Hope you all take this as critisism and not a troll ☺

On Thu, 8 Nov 2001, Arjun Aggarwal wrote:

> Hello everybody
> On Wed, 7 Nov 2001, Philipp Reichmuth wrote
> > I've been wondering a little bit recently about the definition of
> > "character" vs. "glyph variant" that is applied during decision
> > whether or not a given proposed character should go into Unicode.
>
> If anybody on the list really thinks that they can submit
> any characters into Unicode then they should positively
> respond to my query.

I really understand your point. My opinion is that the unicode
standard is broken in many ways. I think Unicode Consortium did
have the opportunity to create a simple, and easily adaptable
standard that would bring all the scripts together, but they
blew it. Instead its rules are based upon contradictionary
statements and finally there is no rule at all.

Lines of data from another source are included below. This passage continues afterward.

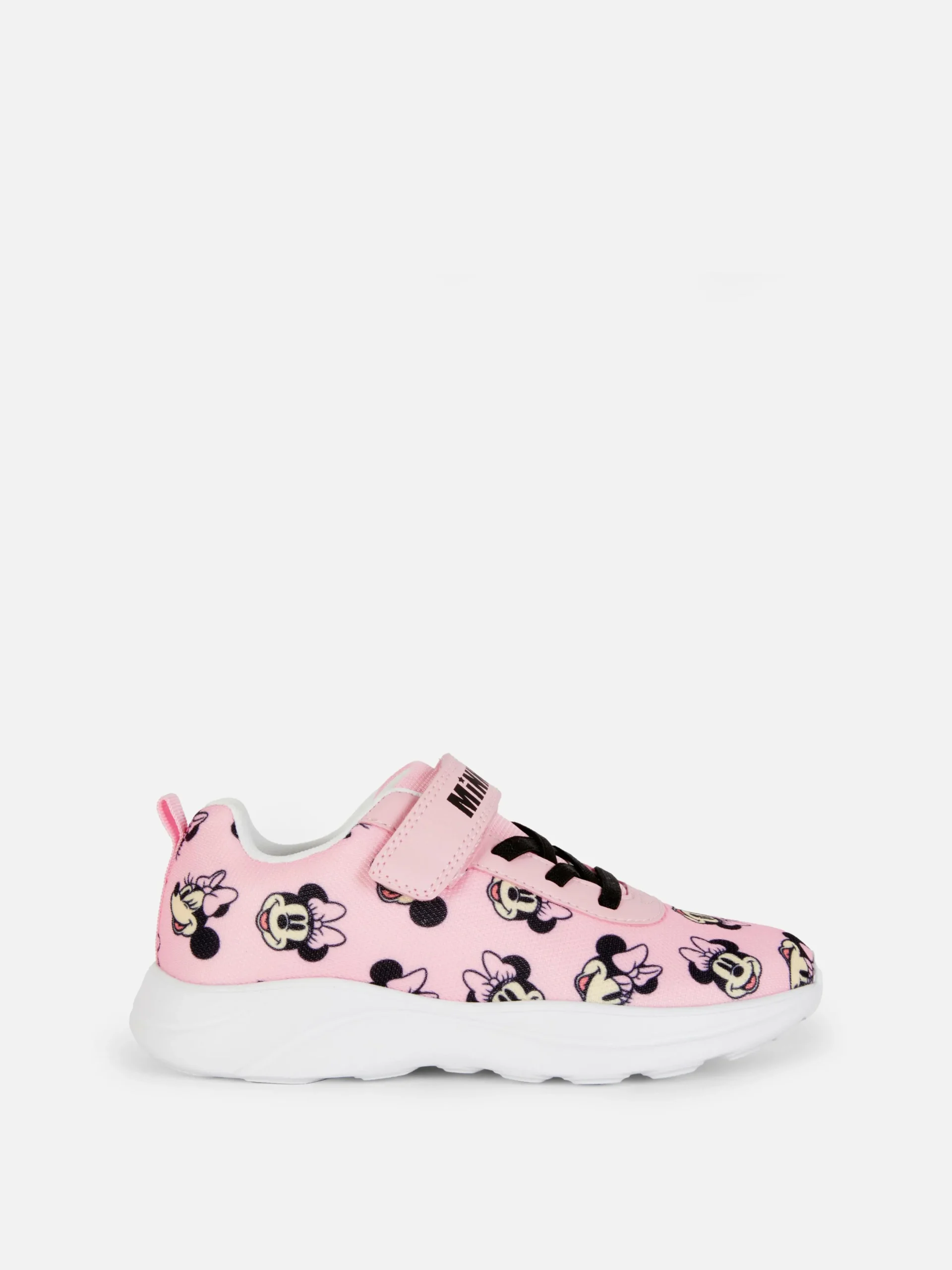 Ténis Fecho Velcro Disney Minnie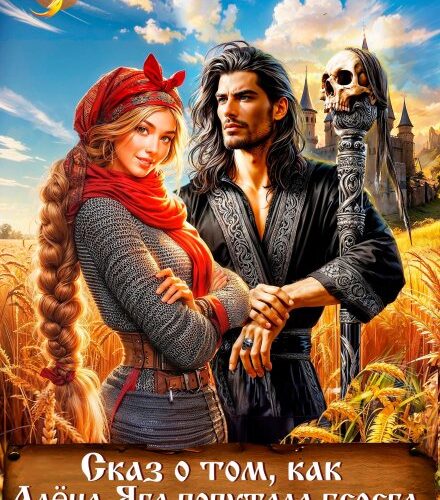 «Сказ про то, как Алёна-Яга попутала берега» Александра Гусарова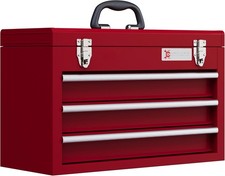 3 Drawer Tool Chest, Lockable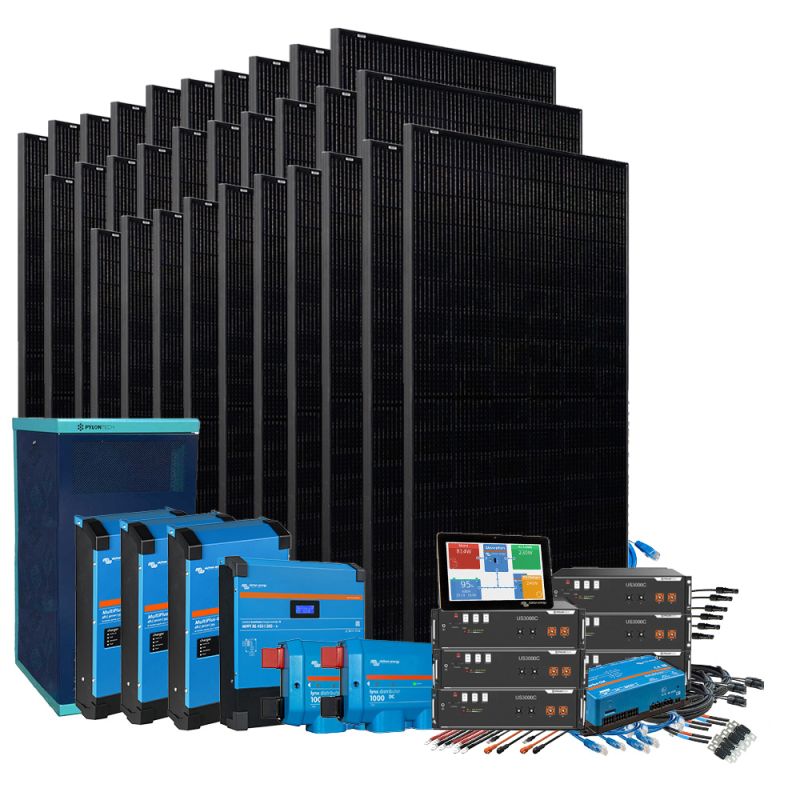 Offgridtec HomePremium M USV Solaranlage 13500Wp US3000D 21kWh 3-phasig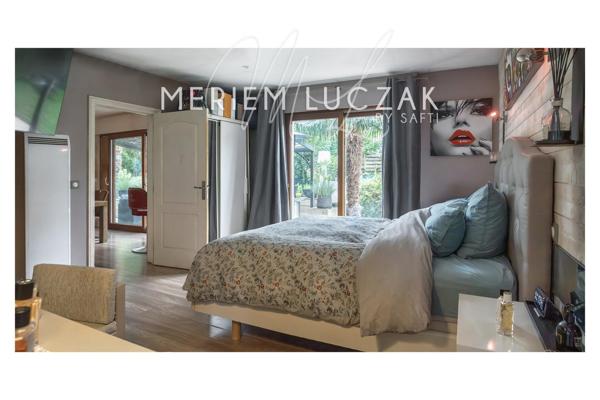 Maison familiale 193 m2 – 5 chambres – jardin sans vis-à-vis –  confort assuré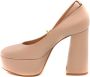 Gianvito Rossi Hoge hakken Decollete Beige in beige - Thumbnail 4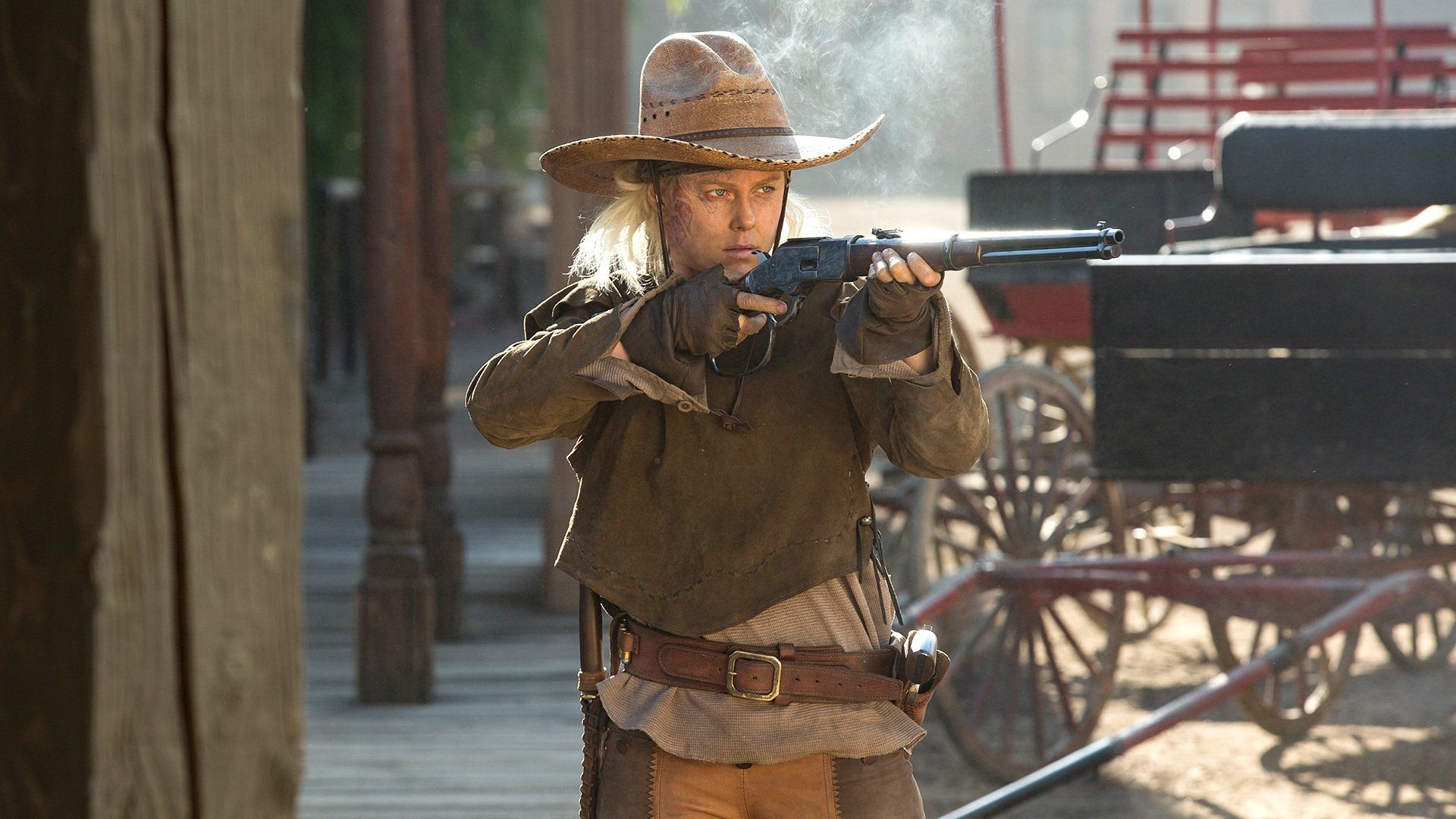 Westworld background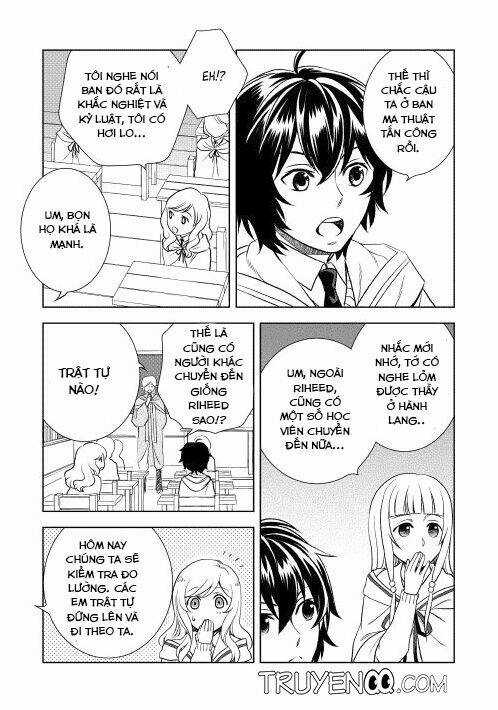Monogatari No Naka No Hito Chapter 5 trang 13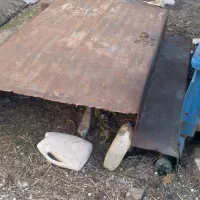 اتاق عقب لگنی نیسان با کفی ۳ میل تره باره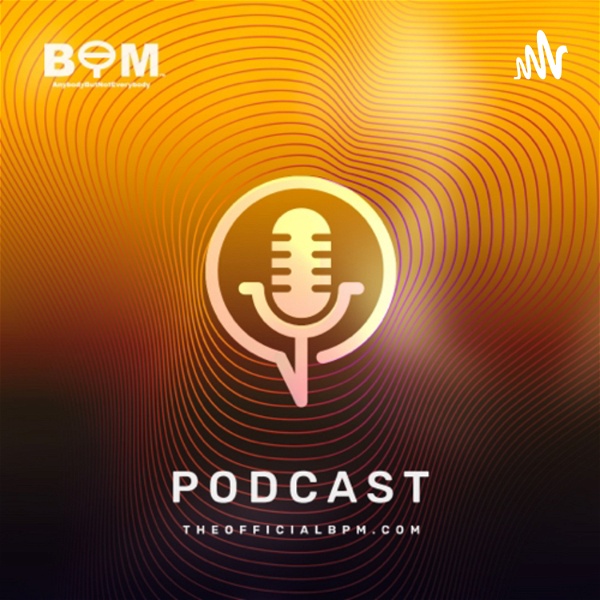 Artwork for TheOfficialBPM Podcast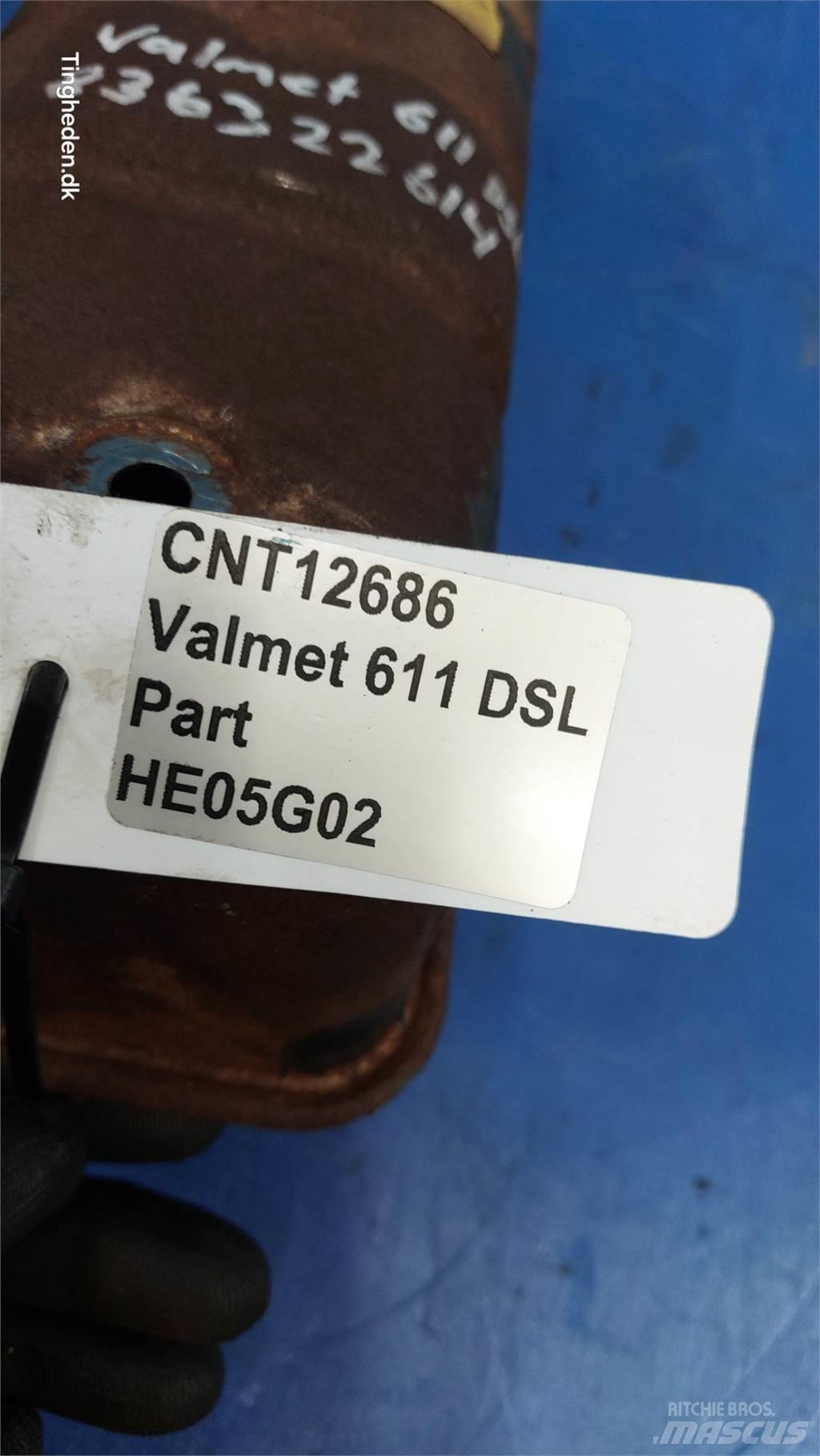 Valmet 611 DSL Motorlar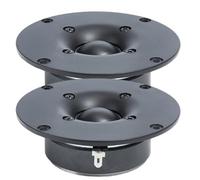 Osmond Tweeter de Cúpula de Tela de Seda de Alta Fidelidad de 4 Pulgadas, 8 Ohmios, 60 W, 104 mm y Laminado de Cúpula Suave para una Mejor Experiencia de Sonido.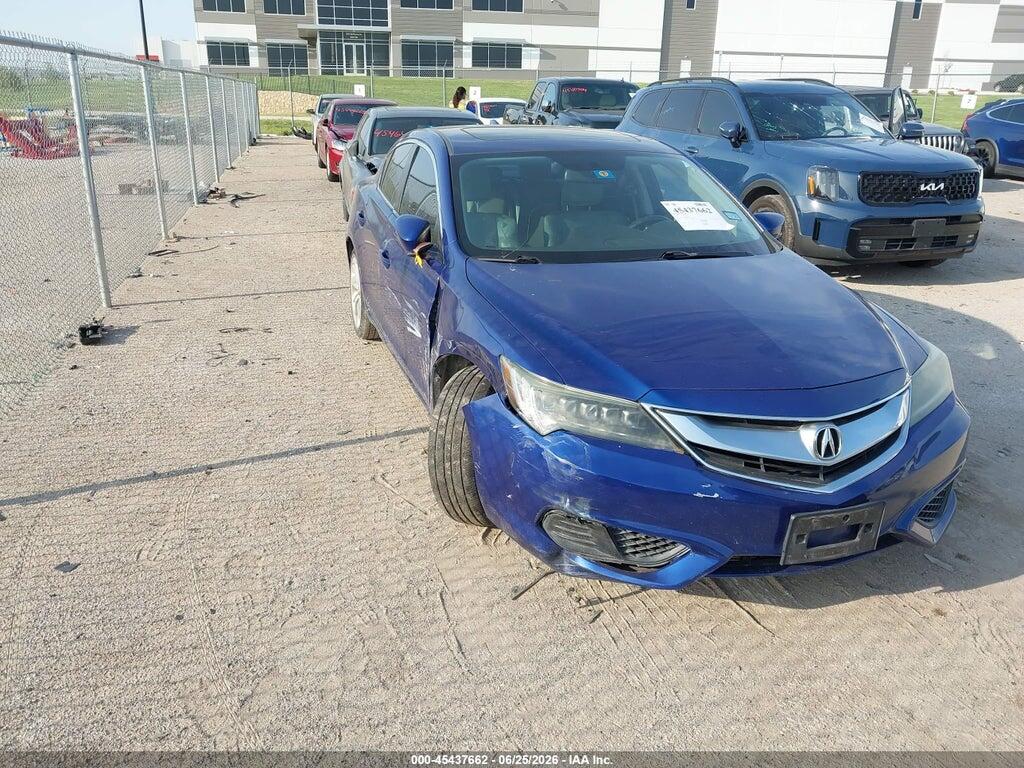 19UDE2F36GA007265 2016 ACURA ILX photo no. 1
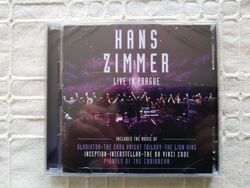 Hans Zimmer - Live in Prague 2xCD new/sealed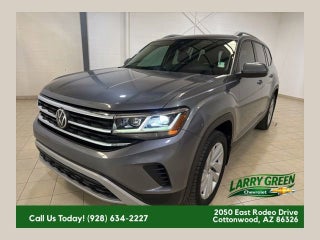2021 Volkswagen Atlas 3.6L V6 SEL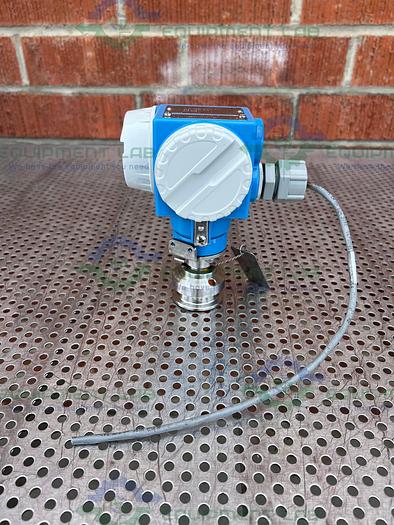 Used Endress + Hauser  Cerabar PMC631 Pressure Transmitter 150 PSI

I think that the Indian sctipts deserve better character
assignement - scripts can not be input
without a complicated application that does character
composition. That being said, I would like to divert this
thread.

A lot of applications, even today are no using unicode for
the internal representation of the text. Let me mention a
few facts, that I think made unicode 'not the preferred
way' to internally represent text in these multi-lingual apps.

1. Not Simple to Use
   ==================
There is no way to do the simplest operations without a
huge library behind. Just think of a simple character search;
  if you want to seach for:
     Á character (U+00C1) you can not properly search without
  decomposing it. Otherwise you wont match it with Á
  (U+0041, U+0301).

2. Unification Problems
   ====================
So we unify characters. In this case hy we have a
wide A U+FF21 in unicode and why we don't have
a wide version of Д U+0414? Is there any reason? I
think both should be included becasue some local standards
are supporting it, and this would create compatibility,

3. Unfair Use of Code-space
  =========================
Guys in the first plane are lucky. It was very clear
right from the beginnign that 16 bits are not enough.
They are very precious, some os's are using 16-bit unicode
internally. On one hand Tamil can not have the full character
set and has to be compsoed 10 thousand Hangul characters,
that can really be composed 한 U+D55C could be 3 characters
are thrown in.

4. Binary Incompatibility
  =======================
If you read a text into the memory there are a number of
ways to write the data into the files, creating a totally
different document, although only a few characters are supposed
to be changed. I think BiDi is like this.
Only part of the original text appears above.